Elle plissa les yeux en direction de la rue, suivant le flux des véhicules. Elle essayait de repérer une voiture de fonction, mais son attention n’était attirée que par le véhicule qu’elle avait garé le long du trottoir, près de l’horodateur. C’était encore l’après-midi, le soleil était haut dans le ciel, illuminant l’horizon.

Adèle et Sophie avaient pris des véhicules séparés, car Adèle se rendrait directement chez Robert depuis la scène du crime.

Elle s’appuya contre la balustrade menant aux marches en béton et se tourna vers la porte d’entrée de l’appartement. Pendant un instant, elle envisagea la possibilité d’entrer seule. Mais en général, le protocole imposait que deux agents soient présents sur une scène de crime, en tandem. Adèle préférait ne pas transgresser les règles dès son premier jour de travail en France. Pourtant, l’agent Paige lui rendait la tâche difficile. Elle avait déjà près de trente minutes de retard.

Adèle laissa échapper un grognement grave. Elle s’était arrangée avec Robert pour qu’il fasse emporter ses bagages chez lui, puis elle s’était rendue directement sur la scène du crime. Le trajet avait duré vingt minutes. Paris était l’une des rares villes où il n’y avait pratiquement pas de panneaux stop. La rumeur disait qu’il y en avait un, quelque part ; l’agent Paige a dû le trouver et n’avait pas su comment réagir.

Elle ne voyait pas ce qui pouvait expliquer pourquoi elle attendait Paige depuis une demi-heure.

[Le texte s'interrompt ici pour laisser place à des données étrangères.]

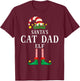 Santa's Cat Dad Christmas Family Pajama T-Shirt - T-Shirt | Maroon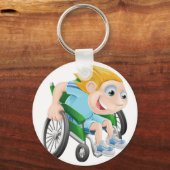 Man voor rolstoelraces cartoon sleutelhanger (Voorkant)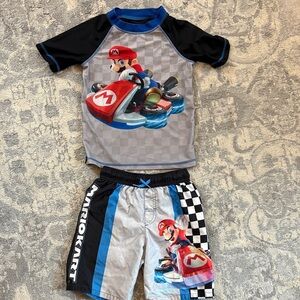 Mario Kart Kids Swim Set - Black and Blue 5/6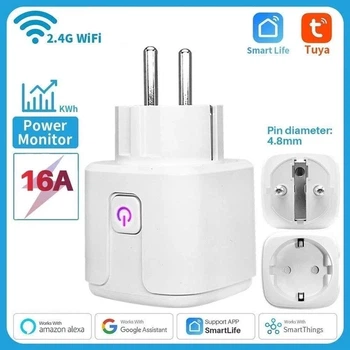 Wi-Fi розетка Tuya, Разумная розетка с Power monitor Смарт 16 Ампер!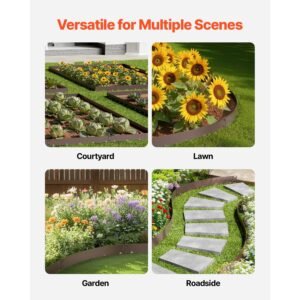 steel landscape edging 5 packs 39 x 3 in rust resistant metal landscape edging bendable garden edging border heavy duty lawn edging easy to install flower bed yard pathway divider brown 2.jpg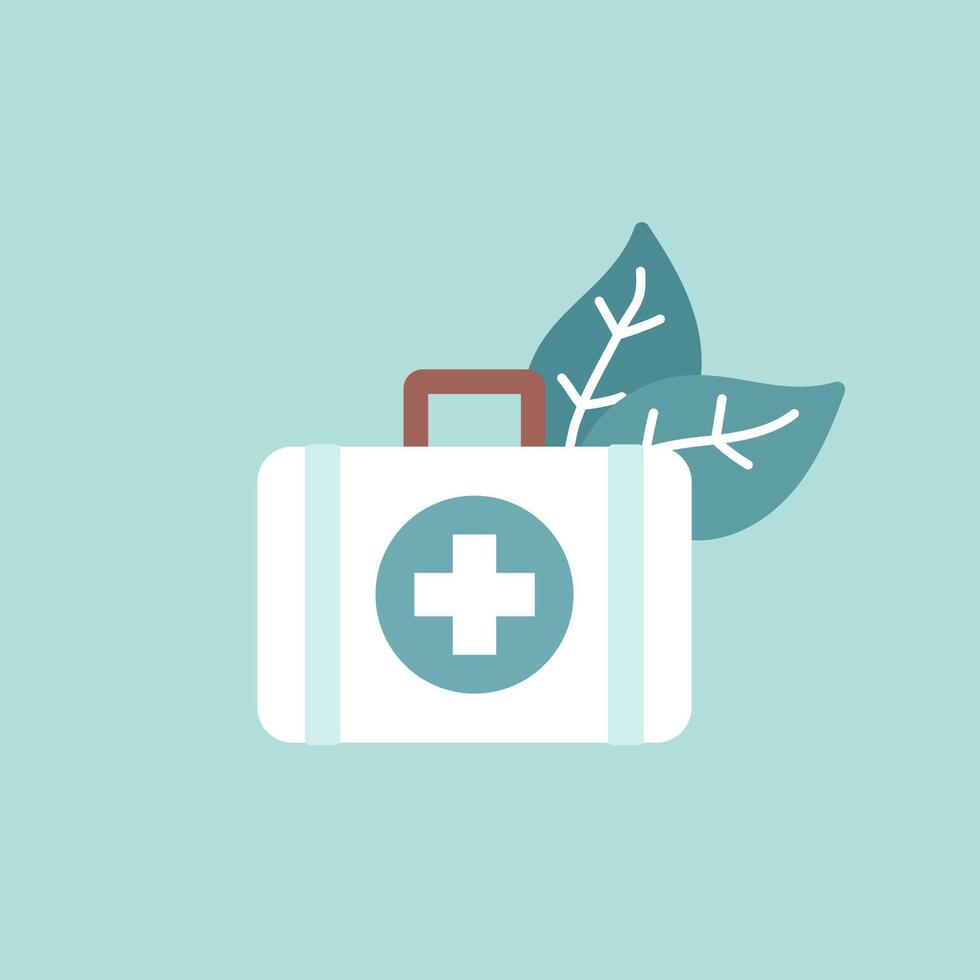 illustration with flat emergency bag for first aid. White case with two green plant leaves. Symbol of herbal and natural medicine to be healthy. Logo for drugs to care, treatment about plants vector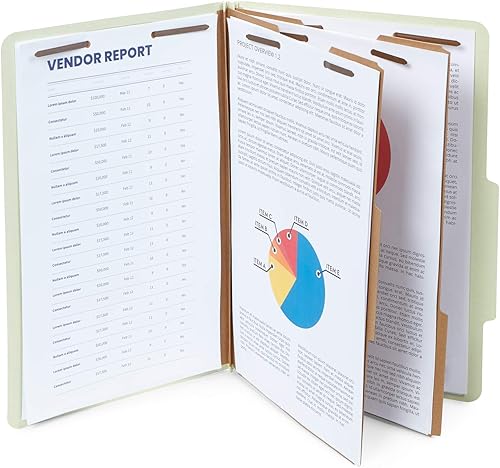 Vista 8 de 10 carpetas azules de clasificación de tamaño legal – 2 divisores de expansión Tyvek de 2 pulgadas – 2 puntas duraderas diseñadas para organizar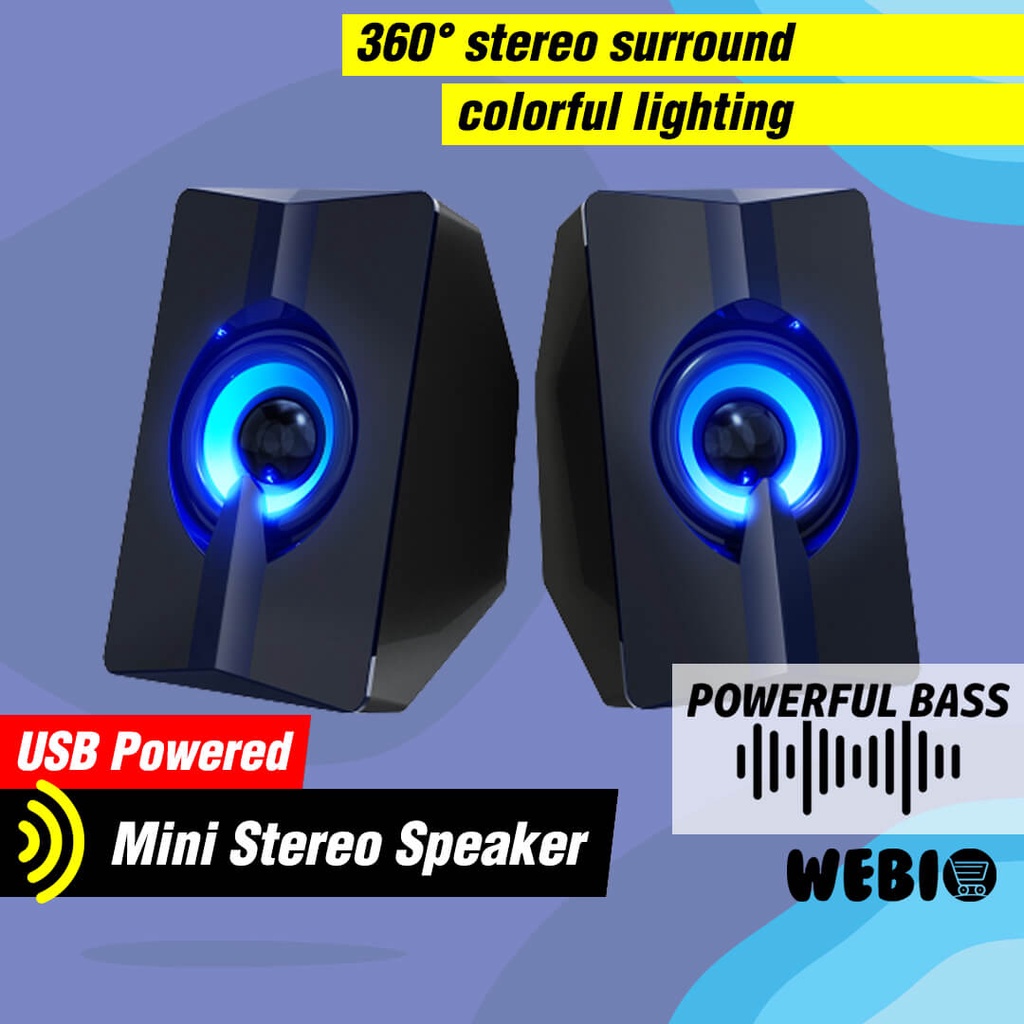 Speaker USB A12 Sepeker LED Mini RGB Desktop Gaming Laptop PC Komputer Game Full Bass Murah Portabel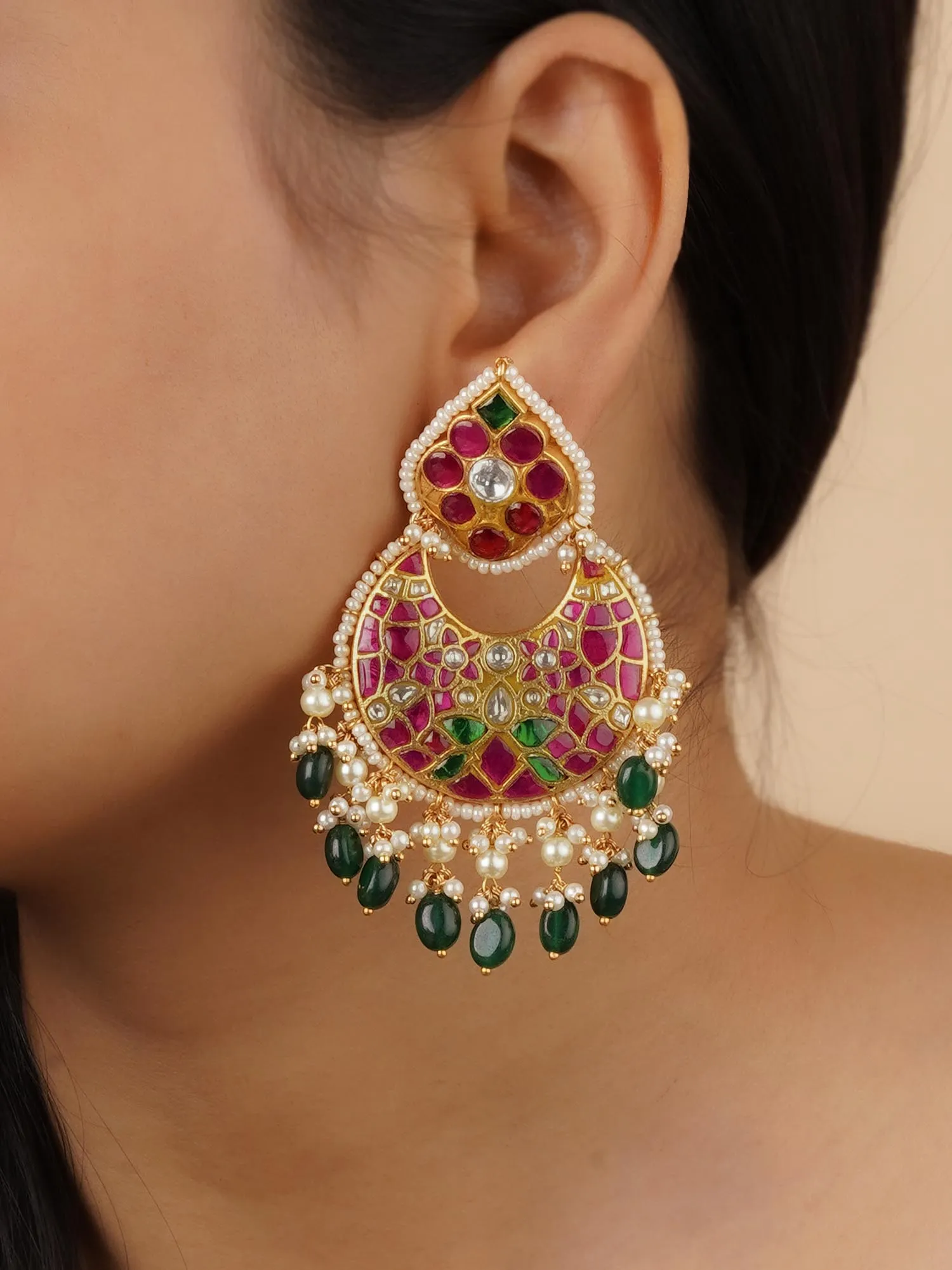 Multicolor Gold Plated Thappa Jadau Kundan Earrings - TJ-E72M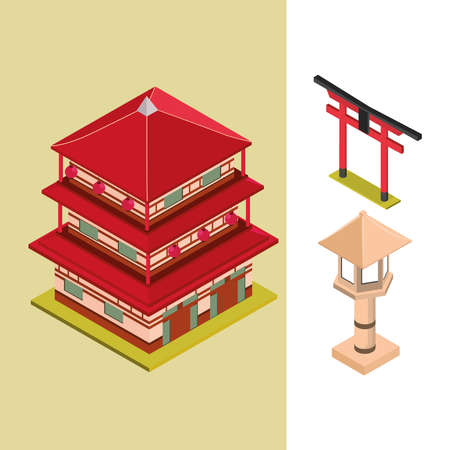 japanese building gate lamp isometricのイラスト素材
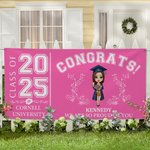 Personalisierte Multicolor Congrats Cartoon Charakter Banner mit Namen und Schulnamen Graduation Party Favors Geschenk für Klasse von 2025 Absolventen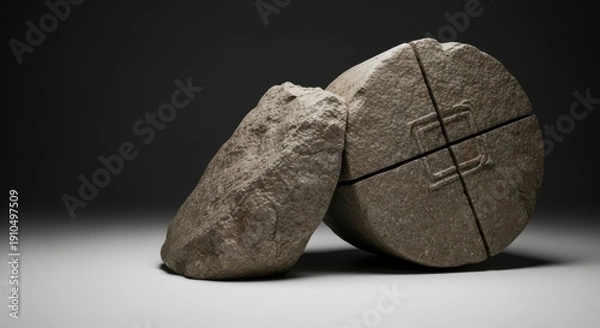 Obraz Rough Stone and Split Round Stone on Dark Background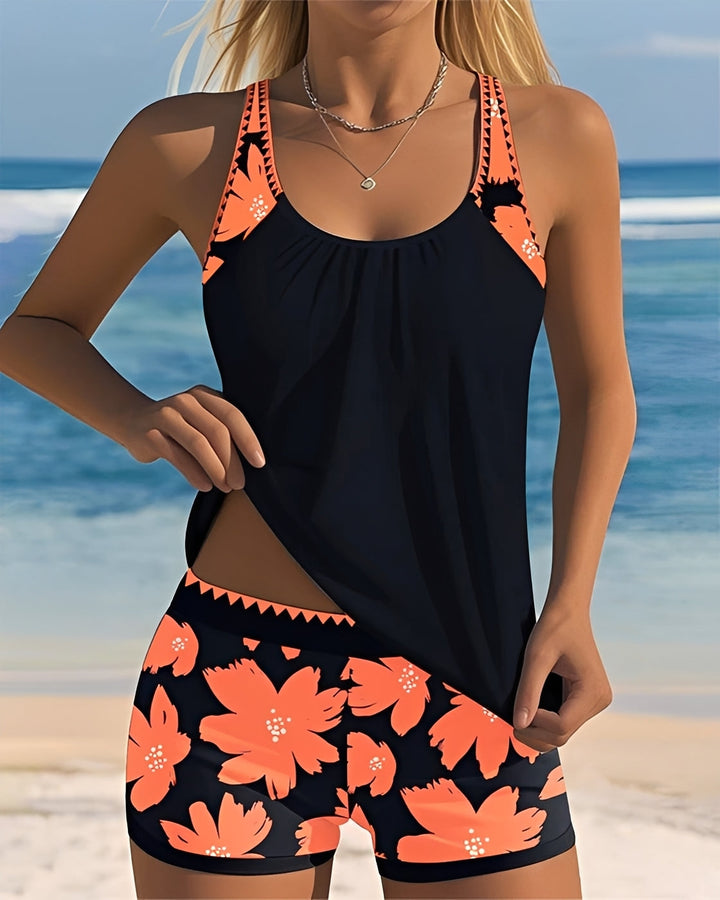Damski tankini z dekoltem U, kwiatowy wzór. Wygodny strój kąpielowy, idealny na plażę i modne lato.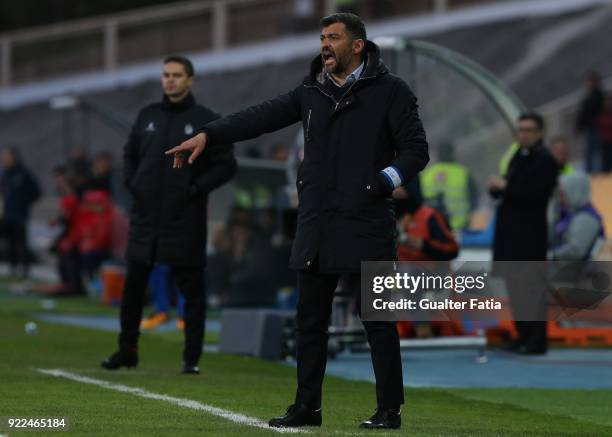 Porto head coach Sergio Conceicao from Portugal in action during the Primeira Liga match between GD Estoril Praia and FC Porto at Estadio Antonio...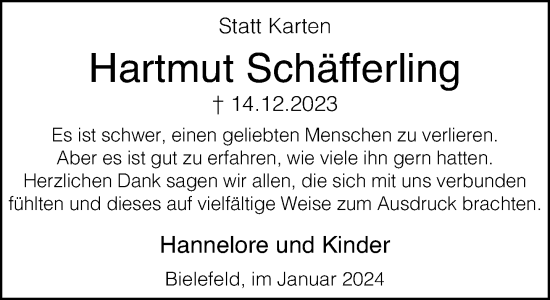 Traueranzeige von Hartmut Schäfferling von Neue Westfälische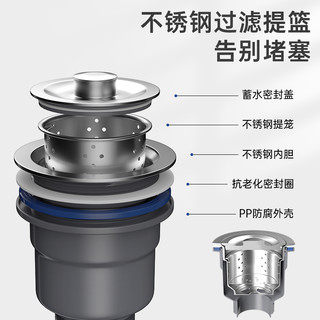 MUVI 沐唯 厨房下水管双槽洗碗洗菜池水槽洗菜盆下水管道防臭排水管配件下水器套装XSG08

Elle examina la rue, l’espace entre les immeubles. Elle déglutit, en observant l’ouverture de l’autre côté de la rue, avec des touches de vert qui en émergeaient. Ce qu’elle aimait à Paris, c’étaient les petits passages et les jardins cachés prêts à être explorés comme un labyrinthe entre les édifices. Les Français avaient un mot spécial pour ceux qui marchaient sans but, arpentant les chemins de traverses et les jardins : la flânerie. Adèle ne se souvenait pas de la dernière fois où elle avait été suffisamment détendue pour marcher sans but. Et ce n’était certainement pas le cas actuellement.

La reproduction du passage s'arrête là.